- _YOUR GOAL_: What's needed is an exact copy of the lines from the one that contains "Plus beige leopard print flare trousers" to the end of the data below, leaving the pictures out.

- _DATA BELOW_:
Segment Open

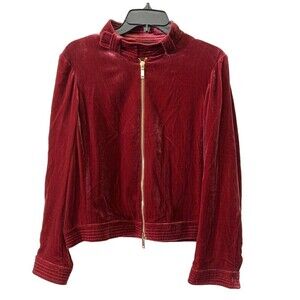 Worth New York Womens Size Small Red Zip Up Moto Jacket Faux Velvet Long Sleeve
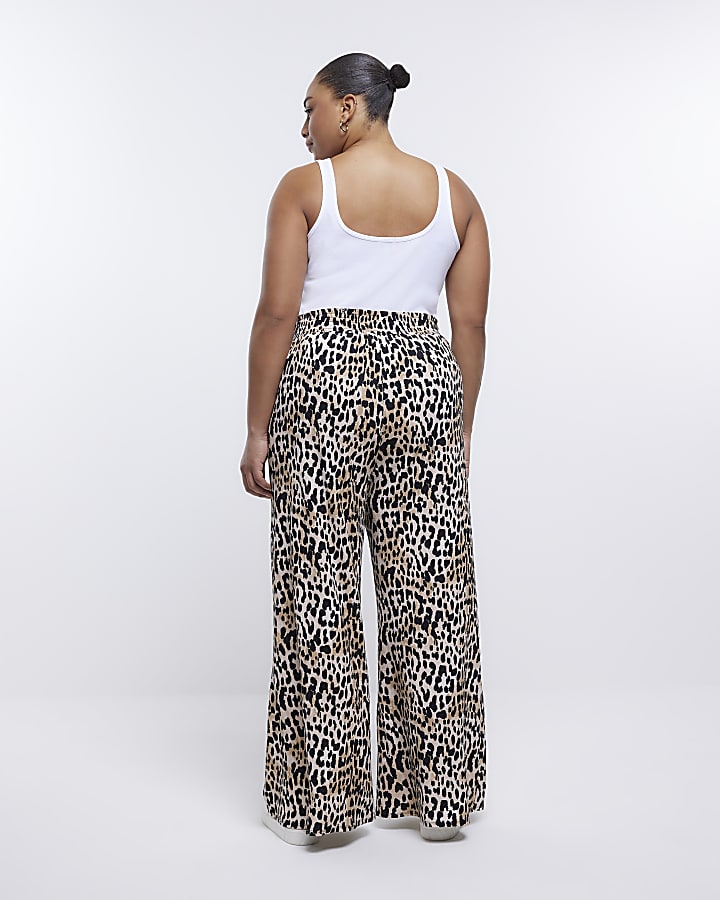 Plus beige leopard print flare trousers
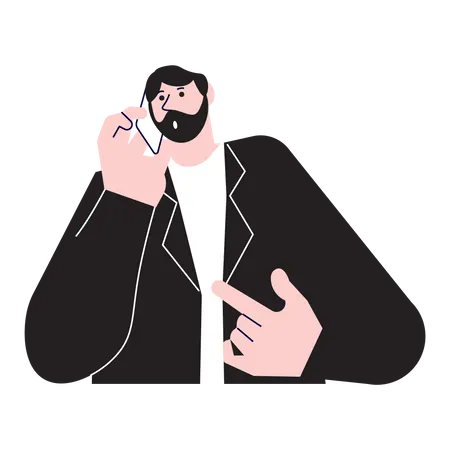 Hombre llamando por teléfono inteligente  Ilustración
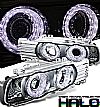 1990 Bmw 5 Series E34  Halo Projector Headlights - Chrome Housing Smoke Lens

Segment Closed

- _ANSWER FOR THIS EXERCISE_:
 Plus beige leopard print flare trousers
 Hombre llamando por teléfono inteligente  Ilustración
 1990 Bmw 5 Series E34  Halo Projector Headlights - Chrome Housing Smoke Lens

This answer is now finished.